I thought about your issue a little more and I wanted to point out another solution that again probably doesn't really work for your case but is worth mentioning...  :)  In mkl 2019 beta (now generally available), we have implemented a way to output the Schur complement in sparse (csr) format instead of full dense format for the SMP version of sparse solvers (Intel MKL Pardiso) but not yet the cluster (MPI) version (Cluster Sparse Solvers).  This would help if the schur complement is relatively sparse; however this is not always guaranteed to be the case.  The documentation can be found in https://software.intel.com/en-us/mkl-developer-reference-c-2019-beta-pardiso-export. See the usage example at the bottom of the link.  The key differences are the following:

Use iparm[36-1] = -1 or -2 for sparse instead of 1 or 2 for  dense, depending on whether you just want to solve for schur or also want the full LU to be available.

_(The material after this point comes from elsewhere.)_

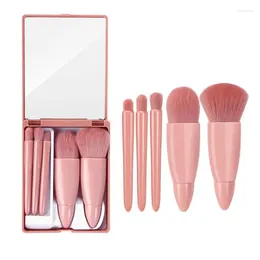 Make -upborstels 5 % Mini Set Foundation Powder Blush Bendable Travel Make -Up Pink Beauty Tools Case with Mirror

If sparse output format (< 0) is chosen, then the nnz in the schur complement is filled into iparm[36-1] after the reordering step.  You can then use this to create the proper sized csr schur complement arrays.  You pass these arrays to pardiso using the pardiso_export() function, then after calling the factorization stage, the schur complement arrays are filled. 

Like I said, this probably doesn't help you since you are using the fully distributed cluster version and so your problem is likely much larger than can be handled on a single node.  But if your problem could fit onto a single node (for instance with 56 cores, or 44 cores, etc) then this is a much better solution.